_DATA UNDER STUDY_:
---

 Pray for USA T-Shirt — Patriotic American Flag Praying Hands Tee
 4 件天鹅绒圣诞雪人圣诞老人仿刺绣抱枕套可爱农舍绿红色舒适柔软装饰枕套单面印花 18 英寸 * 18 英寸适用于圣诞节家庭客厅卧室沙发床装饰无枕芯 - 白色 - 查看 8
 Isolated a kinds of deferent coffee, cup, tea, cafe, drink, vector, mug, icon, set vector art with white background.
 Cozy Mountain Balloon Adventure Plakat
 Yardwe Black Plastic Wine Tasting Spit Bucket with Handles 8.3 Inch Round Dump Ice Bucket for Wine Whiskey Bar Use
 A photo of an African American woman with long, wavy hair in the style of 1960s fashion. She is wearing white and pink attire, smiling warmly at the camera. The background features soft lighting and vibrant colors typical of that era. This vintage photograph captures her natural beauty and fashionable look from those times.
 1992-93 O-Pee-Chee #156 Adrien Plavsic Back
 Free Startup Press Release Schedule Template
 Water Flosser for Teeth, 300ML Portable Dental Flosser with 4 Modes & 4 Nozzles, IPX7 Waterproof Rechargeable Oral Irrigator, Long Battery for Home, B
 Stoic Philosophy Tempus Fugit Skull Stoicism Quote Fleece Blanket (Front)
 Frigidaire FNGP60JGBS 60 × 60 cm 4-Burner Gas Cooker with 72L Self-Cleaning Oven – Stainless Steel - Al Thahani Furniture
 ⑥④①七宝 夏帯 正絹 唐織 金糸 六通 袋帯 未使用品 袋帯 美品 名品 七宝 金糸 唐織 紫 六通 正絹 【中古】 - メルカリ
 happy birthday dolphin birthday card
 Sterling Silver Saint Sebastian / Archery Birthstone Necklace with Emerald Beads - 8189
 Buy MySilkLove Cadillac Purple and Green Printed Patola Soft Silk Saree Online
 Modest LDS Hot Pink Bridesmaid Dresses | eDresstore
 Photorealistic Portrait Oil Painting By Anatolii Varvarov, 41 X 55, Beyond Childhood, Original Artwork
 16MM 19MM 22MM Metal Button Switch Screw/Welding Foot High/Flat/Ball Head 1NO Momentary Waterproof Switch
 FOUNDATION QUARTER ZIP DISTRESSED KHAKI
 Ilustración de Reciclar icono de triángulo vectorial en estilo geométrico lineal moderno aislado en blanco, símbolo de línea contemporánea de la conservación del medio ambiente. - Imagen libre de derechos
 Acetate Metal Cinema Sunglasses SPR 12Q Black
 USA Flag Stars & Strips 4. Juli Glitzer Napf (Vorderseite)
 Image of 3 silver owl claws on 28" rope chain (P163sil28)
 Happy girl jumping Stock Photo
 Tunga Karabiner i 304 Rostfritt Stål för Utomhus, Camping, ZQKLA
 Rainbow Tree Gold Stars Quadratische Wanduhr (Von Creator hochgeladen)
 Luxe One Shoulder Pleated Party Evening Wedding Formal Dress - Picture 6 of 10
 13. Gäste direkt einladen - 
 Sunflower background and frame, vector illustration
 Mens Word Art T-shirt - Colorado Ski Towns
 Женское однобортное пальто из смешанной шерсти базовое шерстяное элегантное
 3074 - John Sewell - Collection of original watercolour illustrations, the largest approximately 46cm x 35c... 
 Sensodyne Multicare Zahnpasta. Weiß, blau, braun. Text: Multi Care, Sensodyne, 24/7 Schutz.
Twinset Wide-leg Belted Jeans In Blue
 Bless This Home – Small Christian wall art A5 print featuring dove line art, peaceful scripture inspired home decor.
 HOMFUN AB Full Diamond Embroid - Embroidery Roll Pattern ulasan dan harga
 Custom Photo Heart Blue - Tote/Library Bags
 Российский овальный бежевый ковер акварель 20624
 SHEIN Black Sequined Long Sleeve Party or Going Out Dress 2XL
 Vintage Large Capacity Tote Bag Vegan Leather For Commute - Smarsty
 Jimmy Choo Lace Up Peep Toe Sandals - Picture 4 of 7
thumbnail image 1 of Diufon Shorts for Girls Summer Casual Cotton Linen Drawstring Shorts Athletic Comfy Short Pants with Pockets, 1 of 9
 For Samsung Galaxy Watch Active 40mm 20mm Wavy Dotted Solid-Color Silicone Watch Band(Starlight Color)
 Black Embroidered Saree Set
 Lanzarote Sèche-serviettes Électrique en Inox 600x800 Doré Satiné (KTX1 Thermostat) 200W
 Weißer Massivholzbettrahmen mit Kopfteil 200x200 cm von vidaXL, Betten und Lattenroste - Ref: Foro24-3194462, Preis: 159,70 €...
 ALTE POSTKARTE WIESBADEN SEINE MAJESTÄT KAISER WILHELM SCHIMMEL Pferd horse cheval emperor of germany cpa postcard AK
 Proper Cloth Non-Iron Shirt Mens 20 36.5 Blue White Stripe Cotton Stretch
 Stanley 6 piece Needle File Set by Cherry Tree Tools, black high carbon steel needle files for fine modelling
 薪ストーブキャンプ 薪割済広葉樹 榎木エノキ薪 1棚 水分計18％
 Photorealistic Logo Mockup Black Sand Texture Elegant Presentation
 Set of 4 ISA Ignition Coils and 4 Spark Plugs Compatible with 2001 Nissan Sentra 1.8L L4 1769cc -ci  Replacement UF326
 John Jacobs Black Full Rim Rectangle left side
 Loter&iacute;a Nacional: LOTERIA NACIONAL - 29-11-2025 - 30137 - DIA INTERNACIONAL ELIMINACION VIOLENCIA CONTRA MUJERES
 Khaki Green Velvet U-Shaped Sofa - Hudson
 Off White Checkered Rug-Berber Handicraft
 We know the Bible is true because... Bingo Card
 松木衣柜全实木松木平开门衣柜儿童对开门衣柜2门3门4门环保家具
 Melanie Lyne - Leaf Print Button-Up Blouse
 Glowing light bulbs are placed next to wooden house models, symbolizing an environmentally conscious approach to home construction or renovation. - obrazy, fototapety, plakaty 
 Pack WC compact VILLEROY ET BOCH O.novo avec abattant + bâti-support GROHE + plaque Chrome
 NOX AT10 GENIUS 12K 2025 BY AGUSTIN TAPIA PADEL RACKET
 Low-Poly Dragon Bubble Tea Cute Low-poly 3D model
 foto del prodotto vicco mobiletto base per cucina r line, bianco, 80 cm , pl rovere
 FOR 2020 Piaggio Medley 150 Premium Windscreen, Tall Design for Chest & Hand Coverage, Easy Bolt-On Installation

---

_DIRECTIONS FOR THIS TASK_: What you write must be the entries restated word for word, from the opening line through the one holding "Cozy Mountain Balloon Adventure Plakat", with nothing else.

_THE ANSWER_:
 Pray for USA T-Shirt — Patriotic American Flag Praying Hands Tee
 4 件天鹅绒圣诞雪人圣诞老人仿刺绣抱枕套可爱农舍绿红色舒适柔软装饰枕套单面印花 18 英寸 * 18 英寸适用于圣诞节家庭客厅卧室沙发床装饰无枕芯 - 白色 - 查看 8
 Isolated a kinds of deferent coffee, cup, tea, cafe, drink, vector, mug, icon, set vector art with white background.
 Cozy Mountain Balloon Adventure Plakat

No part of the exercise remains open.